▶ **DATASET CONTENT**:
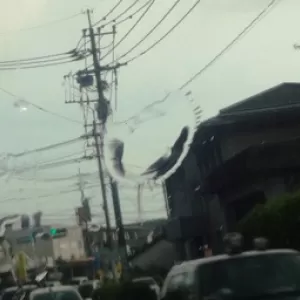 でかい雨粒が降ってきたんだ熊本！のサムネイル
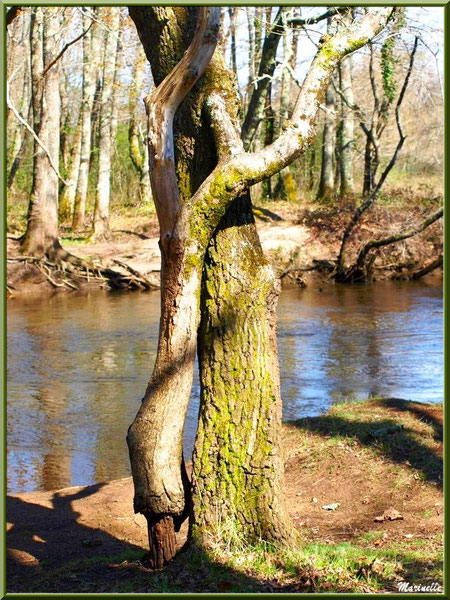 Couple de troncs d'arbres telle une danseuse charmeuse qui s'enroule autour de son cavalier, en bordure de La Leyre, forêt Bassin d'Arcachon (33)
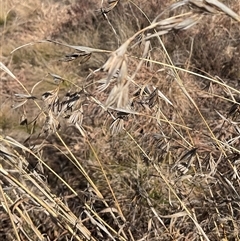 Themeda triandra (Kangaroo Grass) at Cabramurra, NSW - 8 Aug 2025 by Jennybach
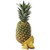 Bear Natural Organics Pineapple Scented Shea and Soap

▶ **WHAT TO PRODUCE**: Write out the data word for word, with every picture dropped.

▶ **YOUR RESPONSE**:
 でかい雨粒が降ってきたんだ熊本！のサムネイル
 Couple de troncs d'arbres telle une danseuse charmeuse qui s'enroule autour de son cavalier, en bordure de La Leyre, forêt Bassin d'Arcachon (33)
 Themeda triandra (Kangaroo Grass) at Cabramurra, NSW - 8 Aug 2025 by Jennybach
 Bear Natural Organics Pineapple Scented Shea and Soap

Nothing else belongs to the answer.